LSU not bidding energy deal for now, will talk with Bernhard group

    A joint venture with ties to businessman Jim Bernhard and his Baton Rouge-based private equity firm, Bernhard Capital Partners, scored a major victory today when the LSU Board of Supervisors voted against the recommendation of its own staff and paid consultant. 

    Rather than launch a public bid process for a private partner to modernize and operate the aging energy system on the main campus, the board voted to begin negotiating a long-term contract for the potentially lucrative deal with two competing ventures that submitted proposals to LSU earlier this year outside of a formal procurement.

    The ventures, both of which have existing relationships with LSU and the state, are: Louisiana Energy Partners, which is owned, in part, by Bernhard Energy, a Bernhard Capital company, and Enwave Energy.

    LAEP has a long-term deal with the state to provide energy services at the Shaw Center for the Arts, which enables it to also provide energy services to other state office buildings and can be amended to include other state facilities. Enwave Energy provides energy services to the LSU Health Sciences Center in New Orleans.

    Today’s action was orchestrated by the LSU board’s properties and facilities committee, which killed a measure that would have set in motion a formal, two-step public procurement process designed to attract the best players in the industry.

    Instead, the committee approved a substitute motion, instructing LSU staff to begin negotiating directly with LAEP and Enwave and to bring two deals back to the board in 90 days.
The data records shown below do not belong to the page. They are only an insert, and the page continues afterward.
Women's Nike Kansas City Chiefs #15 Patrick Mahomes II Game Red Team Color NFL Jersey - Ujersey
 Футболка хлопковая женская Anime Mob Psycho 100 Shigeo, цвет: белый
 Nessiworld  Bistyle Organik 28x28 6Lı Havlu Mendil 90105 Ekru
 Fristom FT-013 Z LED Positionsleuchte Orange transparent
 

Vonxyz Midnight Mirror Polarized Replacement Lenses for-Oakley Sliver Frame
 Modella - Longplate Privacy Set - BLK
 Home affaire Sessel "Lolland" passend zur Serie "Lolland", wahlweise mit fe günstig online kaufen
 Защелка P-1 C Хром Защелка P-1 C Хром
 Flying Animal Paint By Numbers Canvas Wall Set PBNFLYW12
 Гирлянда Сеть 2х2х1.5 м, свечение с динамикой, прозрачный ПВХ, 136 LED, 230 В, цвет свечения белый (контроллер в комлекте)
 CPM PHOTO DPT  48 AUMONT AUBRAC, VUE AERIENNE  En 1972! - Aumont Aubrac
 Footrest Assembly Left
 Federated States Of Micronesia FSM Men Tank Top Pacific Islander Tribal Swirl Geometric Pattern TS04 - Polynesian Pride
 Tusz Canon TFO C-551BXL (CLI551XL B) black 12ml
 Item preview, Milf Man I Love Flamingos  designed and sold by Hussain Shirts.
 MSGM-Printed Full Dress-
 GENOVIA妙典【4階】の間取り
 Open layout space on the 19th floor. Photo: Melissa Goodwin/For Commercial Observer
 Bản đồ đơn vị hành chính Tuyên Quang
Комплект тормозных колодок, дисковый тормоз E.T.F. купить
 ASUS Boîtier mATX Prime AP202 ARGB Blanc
If, at that time, the board doesn’t feel either deal is good for LSU, then it will launch the procurement process.

    Only one committee member, Shreveport-area businessman Wayne Brown, opposed the substitute motion in favor of an open process. Later, the full board approved the committee action. Board members Jimmie Woods and Jay Blossman abstained from the vote because of conflicts of interest.

    Woods’ company, Metro Service Group, is a DBE that has served as a subcontractor to various Bernhard companies. Blossman is a paid board member of one of Bernhard’s companies.

    For more than a year, LSU has been studying how best to structure a public-private partnership to upgrade its outdated and inefficient energy system. But the prospective P3, which is expected to be worth tens of millions of dollars over many years has, not surprisingly, generated a lot of interest in industry circles and controversy in political ones.

    Bernhard is one of the most powerful Democratic businessmen in the state and is a supporter of Gov. John Bel Edwards, who appointed him to the LSU board earlier this summer.

    Bernhard stepped down just three weeks later because of potential conflicts of interest between companies he owns that do business with LSU.

    Edwards did not pressure board members to forego a procurement process in favor of giving LAEP an easier shot at getting the deal, his communications director says.

    “He talked to them and told them to do whatever they felt was best for LSU,” Shauna Sanford says.

    Prior to the vote, Baton Rouge board member Collis Temple said it was a difficult decision. Late Thursday, Temple said no one had pressured him to vote for going with LAEP over publicly bidding the deal but admitted he was torn.

    “I’m 50-50 on it, trying to evaluate and listen to all the sides,” he said at the time. “Jim’s entity has made a pretty strong pitch. It appears to have a lot of capacity. They’ve done a lot of due diligence.”